Instructions to follow ->
Note how many lines of the data below hold the word "Women", then give that number with no other text.
BEGIN
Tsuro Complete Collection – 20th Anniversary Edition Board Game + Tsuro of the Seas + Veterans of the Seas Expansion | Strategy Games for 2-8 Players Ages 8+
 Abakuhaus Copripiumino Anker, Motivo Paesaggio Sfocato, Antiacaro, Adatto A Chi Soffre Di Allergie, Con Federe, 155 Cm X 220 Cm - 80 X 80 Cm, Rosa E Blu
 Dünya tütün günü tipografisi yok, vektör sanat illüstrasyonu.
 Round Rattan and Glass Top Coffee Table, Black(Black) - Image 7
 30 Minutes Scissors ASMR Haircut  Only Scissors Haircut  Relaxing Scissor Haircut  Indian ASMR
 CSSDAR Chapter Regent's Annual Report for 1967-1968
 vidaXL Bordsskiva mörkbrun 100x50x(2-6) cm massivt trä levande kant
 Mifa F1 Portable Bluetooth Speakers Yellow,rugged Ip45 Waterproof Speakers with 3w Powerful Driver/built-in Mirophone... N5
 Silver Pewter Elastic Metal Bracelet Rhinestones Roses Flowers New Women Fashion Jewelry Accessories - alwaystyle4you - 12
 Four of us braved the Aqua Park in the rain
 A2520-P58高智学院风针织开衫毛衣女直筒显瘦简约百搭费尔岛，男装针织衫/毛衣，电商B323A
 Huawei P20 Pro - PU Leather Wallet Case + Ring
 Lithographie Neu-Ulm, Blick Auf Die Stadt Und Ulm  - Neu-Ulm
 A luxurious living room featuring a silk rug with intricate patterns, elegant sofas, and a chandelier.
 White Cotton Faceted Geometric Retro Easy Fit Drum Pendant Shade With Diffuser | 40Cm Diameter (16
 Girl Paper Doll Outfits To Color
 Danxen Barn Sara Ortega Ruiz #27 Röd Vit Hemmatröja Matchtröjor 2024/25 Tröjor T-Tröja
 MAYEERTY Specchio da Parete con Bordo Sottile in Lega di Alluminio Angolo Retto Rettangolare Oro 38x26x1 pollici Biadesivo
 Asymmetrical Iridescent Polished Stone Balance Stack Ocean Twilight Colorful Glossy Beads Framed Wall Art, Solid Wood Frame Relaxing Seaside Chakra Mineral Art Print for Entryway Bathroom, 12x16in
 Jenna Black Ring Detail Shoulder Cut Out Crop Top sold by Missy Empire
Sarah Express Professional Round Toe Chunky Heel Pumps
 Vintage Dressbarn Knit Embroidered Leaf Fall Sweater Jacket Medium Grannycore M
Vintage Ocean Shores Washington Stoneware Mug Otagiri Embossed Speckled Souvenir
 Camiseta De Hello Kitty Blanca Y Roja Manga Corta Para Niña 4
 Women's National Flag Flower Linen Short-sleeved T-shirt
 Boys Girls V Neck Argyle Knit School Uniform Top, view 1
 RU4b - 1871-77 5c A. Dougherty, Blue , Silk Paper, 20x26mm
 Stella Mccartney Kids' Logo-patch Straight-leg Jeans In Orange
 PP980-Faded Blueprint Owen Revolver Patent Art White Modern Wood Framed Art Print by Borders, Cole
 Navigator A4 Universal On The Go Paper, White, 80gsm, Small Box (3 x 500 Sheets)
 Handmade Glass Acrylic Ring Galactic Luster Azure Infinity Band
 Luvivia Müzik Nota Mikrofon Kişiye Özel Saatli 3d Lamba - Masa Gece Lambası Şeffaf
END
Response to the exercise ->
2